Le projectile atterrit dans la ville basse, où il roula maladroitement, écrasant les bicoques, propulsant dans les airs des brassées de pièces de charpente comme de vulgaires allumettes, ne laissant que des ruines dans son sillage. Glotka cilla, avala sa salive. Malgré ses oreilles encore bourdonnantes, il entendit quelqu’un hurler. Une voix caractéristique. À l’accent styrien. Cosca.
« C’est tout ce dont vous êtes capables, bande de salopards ? Je suis toujours là !

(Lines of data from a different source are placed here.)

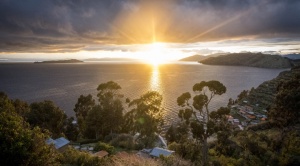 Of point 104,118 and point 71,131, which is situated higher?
point 104,118

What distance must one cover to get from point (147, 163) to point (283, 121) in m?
20.9

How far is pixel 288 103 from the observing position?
87.3 ft

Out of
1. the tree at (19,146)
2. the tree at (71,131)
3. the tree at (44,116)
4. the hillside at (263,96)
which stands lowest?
the hillside at (263,96)

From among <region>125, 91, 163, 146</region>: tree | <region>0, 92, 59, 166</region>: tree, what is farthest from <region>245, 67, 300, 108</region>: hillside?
<region>0, 92, 59, 166</region>: tree

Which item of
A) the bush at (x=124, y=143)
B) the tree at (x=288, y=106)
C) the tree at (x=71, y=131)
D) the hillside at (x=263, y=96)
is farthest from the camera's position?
the hillside at (x=263, y=96)

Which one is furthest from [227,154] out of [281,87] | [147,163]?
[147,163]

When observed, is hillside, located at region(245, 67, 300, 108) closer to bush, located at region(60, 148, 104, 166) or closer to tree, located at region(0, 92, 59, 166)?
bush, located at region(60, 148, 104, 166)

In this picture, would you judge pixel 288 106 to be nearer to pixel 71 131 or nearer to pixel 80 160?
pixel 80 160

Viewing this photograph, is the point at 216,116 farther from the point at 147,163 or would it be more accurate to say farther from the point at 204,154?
the point at 147,163

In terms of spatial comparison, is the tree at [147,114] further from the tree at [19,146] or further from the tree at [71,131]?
the tree at [19,146]

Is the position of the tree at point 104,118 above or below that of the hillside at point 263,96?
above

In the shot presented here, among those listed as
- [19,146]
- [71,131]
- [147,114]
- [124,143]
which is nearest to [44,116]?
[71,131]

— Les Gurkhiens nous bombardent ! » couinait inutilement Vissbruck, accroupi derrière le muret, mains sur la tête ; une couche de poussière recouvrait les épaulettes de son uniforme. « Un boulet plein, tiré de leurs catapultes !
— Pas possible ! » marmonna Glotka. Un autre craquement. Un deuxième projectile toucha les remparts, un peu plus bas ; le caillou déclencha une pluie de débris et de pierres de la taille d’un crâne, avant de s’enfoncer dans l’eau de la douve. La force de l’impact fit trembler le chemin de ronde jusque sous les pieds de Glotka.
« Ils reviennent ! hurla Cosca à pleins poumons. Protégez les murs ! Tous aux murs ! »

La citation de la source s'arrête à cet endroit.